Content starts
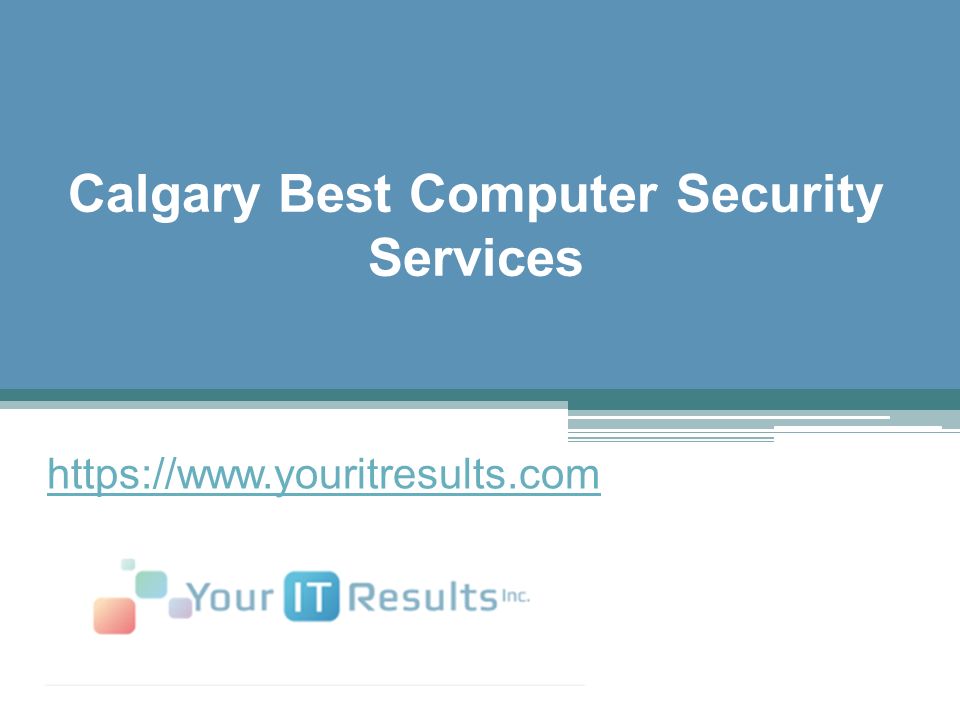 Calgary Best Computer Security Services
Content ends
Content starts
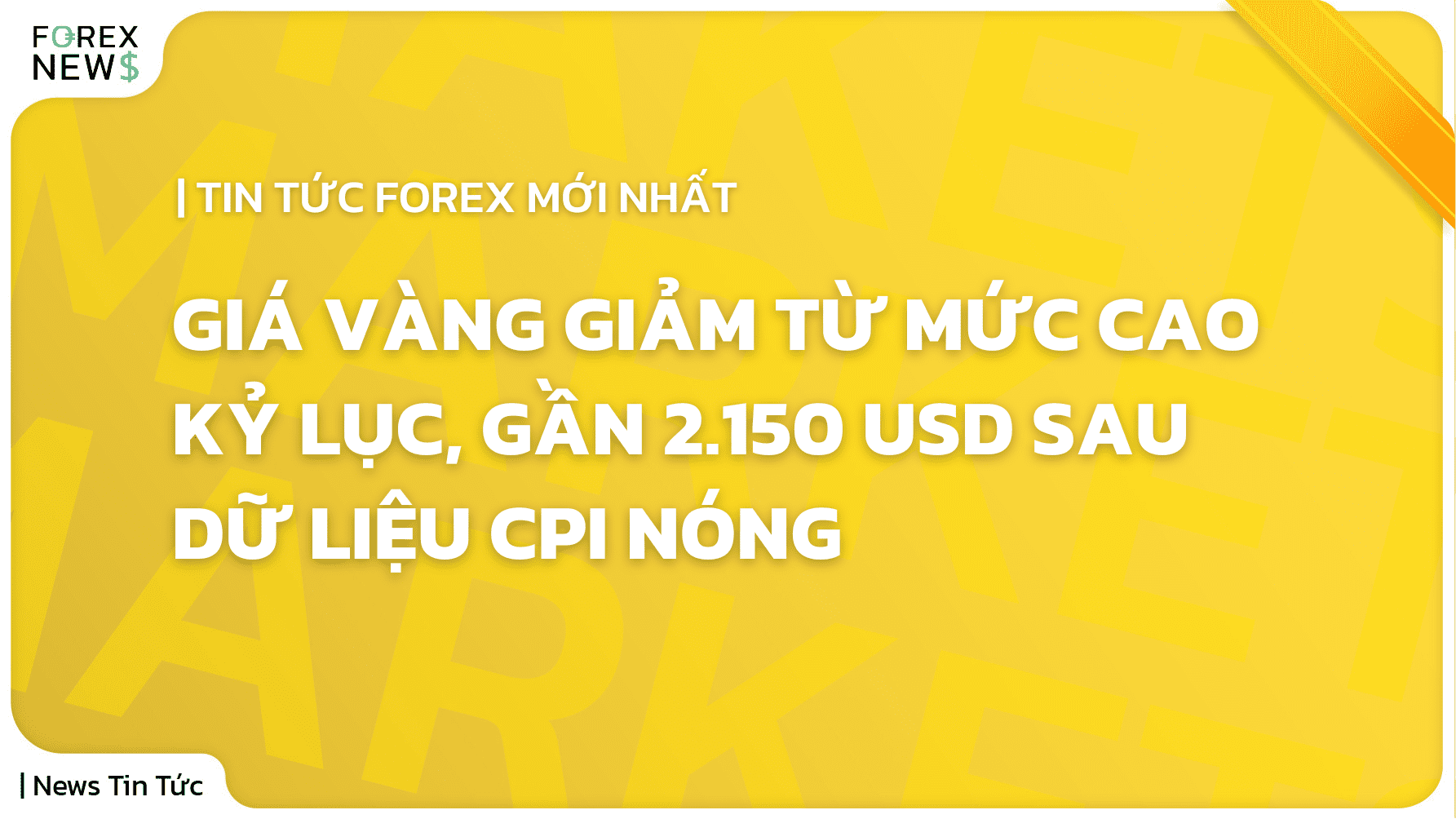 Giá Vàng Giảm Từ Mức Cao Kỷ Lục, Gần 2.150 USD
Content ends
Content starts
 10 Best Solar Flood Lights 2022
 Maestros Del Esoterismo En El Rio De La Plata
Content ends
_What needs to be done_:
The stretch of entries above that starts with the line containing "10 Best Solar Flood Lights 2022" and goes on through the line containing "Maestros Del Esoterismo" is to be transcribed exactly, and no other line is to be transcribed.

_Exercise response_:
 10 Best Solar Flood Lights 2022
 Maestros Del Esoterismo En El Rio De La Plata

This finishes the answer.